“The pen is mightier than the sword,” goes the timeworn adage, and for two writing workshops in Waco this June, the pen may help those who have used the sword.
Veteran Writes, a project of Dallas-based The Writer’s Garret, will lead a weekly writing workshop for veterans and their spouses beginning Thursday at the Doris Miller Department of Veterans Affairs Medical Center in Waco and a broader June 18 workshop and panel discussion, “Writing as a Healing Practice,” at the West Waco Library, 5301 Bosque Blvd.
Leading the weekly “Learning to Share Your Story” workshop is Austin writer Leila Levinson, author of the 2013 Texas Nonfiction Book Award finalist “Gated Grief.” Levinson teaches writing at St. Edward’s University in Austin and for three years has led writing workshops for veterans in Austin.
Her family experience got her involved in the subject, she said in a phone interview. Her father, Reuben Levinson, was a World War II Army captain, a surgeon with the Third Army, Seventh Corps, but rarely talked about it.
But Levinson stumbled across a shoebox filled with his war photos one day and discovered a deeper, detailed look at her father’s experience, from the Allied landing at Utah Beach on D-Day to the Battle of the Bulge and the liberation of the Nazi concentration camps near the war’s end. She wondered why her father didn’t talk about any of this.
“It was a light-bulb moment,” she recalled.
Levinson later undertook a book project in which she interviewed more than 100 World War II veterans involved in freeing the survivors of Nazi work and death camps. Decades later, some veterans still could not put words to their memories.
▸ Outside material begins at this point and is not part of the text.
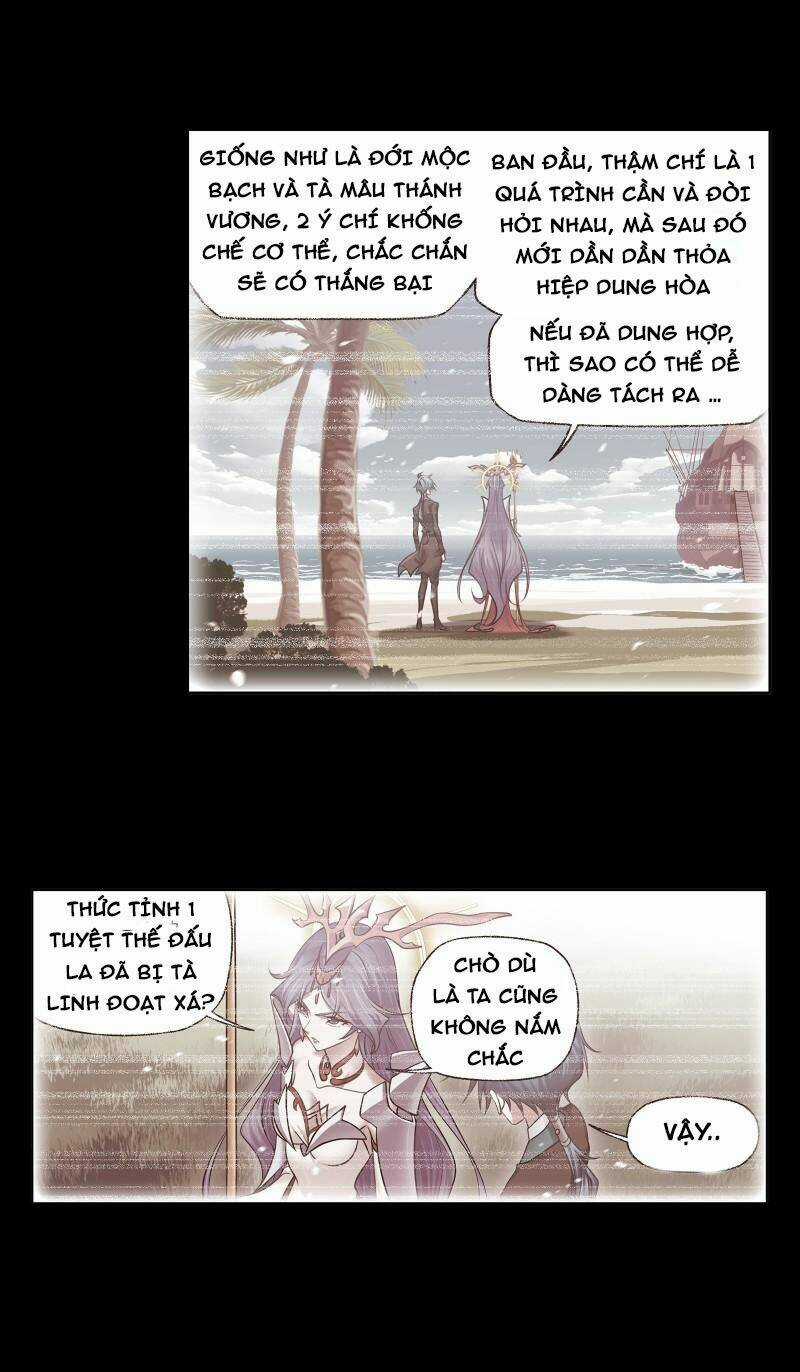 Đấu La Đại Lục Chapter 333.5 trang 4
“They were clearly still in the grip of the shock and horror of what they had found in the camps,” she said.
But as some veterans talked about their experiences, they discovered ways to process and cope with traumatic memories.
The process of writing can prove healing for veterans with painful memories and suppressed emotions, research suggests, and Levinson, winner of the Military Writers Society’s 2011 President’s Award, thinks the focus needed to describe something in words plays a key role in that healing.
“Mindfulness is a valuable strategy for vets. . . . When you put something on the page, it makes it organized from the swirling chaos of our feelings and memories,” Levinson said.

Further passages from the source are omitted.